New document released to govern publishing practices

Concerned about copyrights and regulating publishing, the Egyptian Publishers Association has put together a document envisioned to be a reference for the judiciary on cases where there is no contract between publishers and authors.

On Sunday, 20 publishers added the final details to the 62 guidelines outlined in “The Norms and Rules of the Profession,” explained the association’s chairman Essam Shalaby. Authors were represented in the meeting by Egyptian Writers Union's member Sherif al-Gayar.

“Publishing norms haven’t been written down since the establishment of the publishers’ association in 1965,” says Shalaby.   

The initiative started in June, when six publishers met with the then newly-elected chairman Shalaby, demanding a written reference to resolve disputes both among publishing houses, and between publishers and authors. Although publishers have been working on this for seven years, it is only under the association’s new leadership did it has begun to materialize.

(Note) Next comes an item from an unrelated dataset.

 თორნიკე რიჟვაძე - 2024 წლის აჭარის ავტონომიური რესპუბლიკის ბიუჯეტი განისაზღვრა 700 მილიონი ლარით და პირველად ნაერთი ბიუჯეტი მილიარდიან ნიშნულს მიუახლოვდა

The document begins with a definition of the profession, which excludes all those who are not members of the association, although many of the most notable publishing houses, especially in the literary genre, are not in fact members.

Mekkawy Saeed, chairman of the prestigious Al-Dar, describes this definition as “illegal,” explaining that, “a publisher, according to the law, is an association which has a commercial registration and a tax card.”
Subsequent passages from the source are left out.